> Assignment: Below are records with pictures in them. Transcribe everything from the line containing "Holden Commodore VF" down to the line containing "Image 15 of 19 For 4520 28th Street", exactly, and leave the pictures behind.

> Provided information:
***

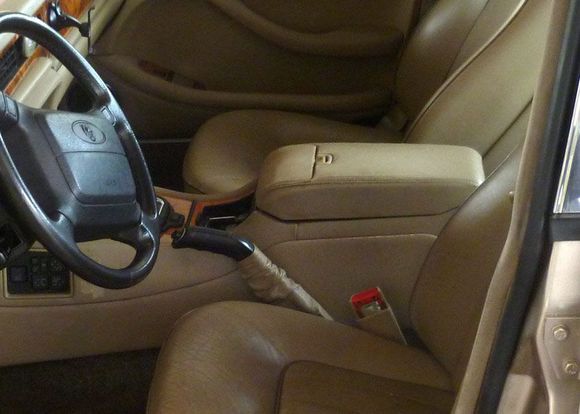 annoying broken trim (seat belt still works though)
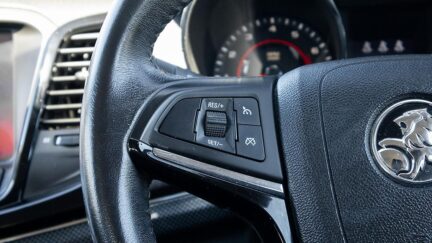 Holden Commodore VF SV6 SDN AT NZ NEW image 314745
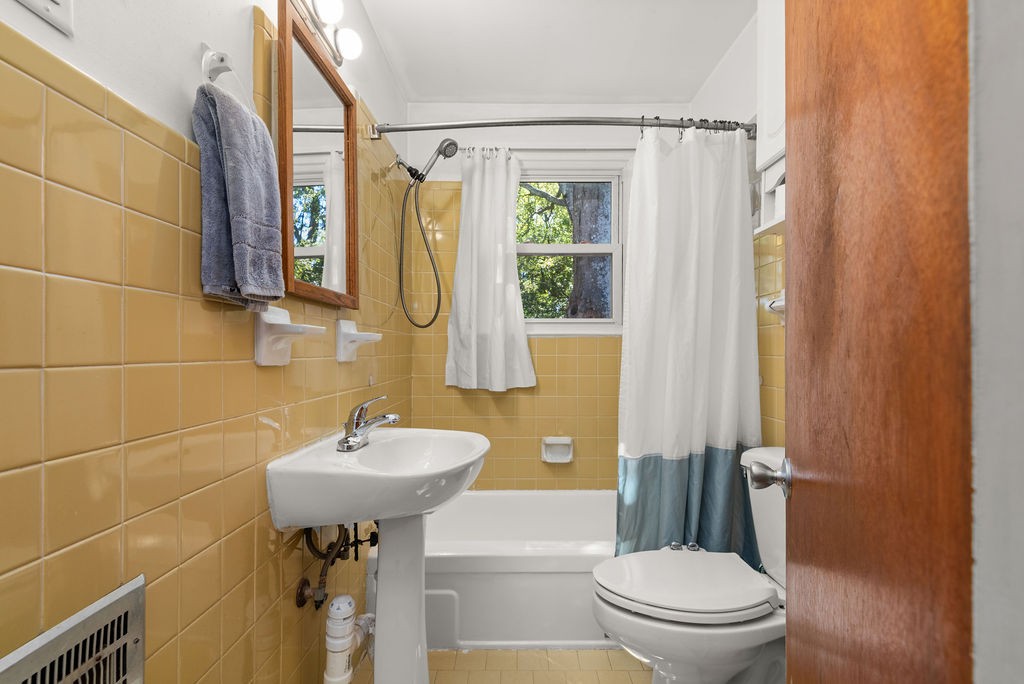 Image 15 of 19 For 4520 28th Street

***

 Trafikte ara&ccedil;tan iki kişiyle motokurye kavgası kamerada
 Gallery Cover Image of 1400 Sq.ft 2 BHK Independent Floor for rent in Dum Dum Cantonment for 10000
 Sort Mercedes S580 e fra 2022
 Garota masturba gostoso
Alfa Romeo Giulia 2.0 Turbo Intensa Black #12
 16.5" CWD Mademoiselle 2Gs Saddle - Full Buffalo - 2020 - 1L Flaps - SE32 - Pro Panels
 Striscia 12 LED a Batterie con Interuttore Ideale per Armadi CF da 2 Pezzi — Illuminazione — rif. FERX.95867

***

> Exercise response:
 Holden Commodore VF SV6 SDN AT NZ NEW image 314745
 Image 15 of 19 For 4520 28th Street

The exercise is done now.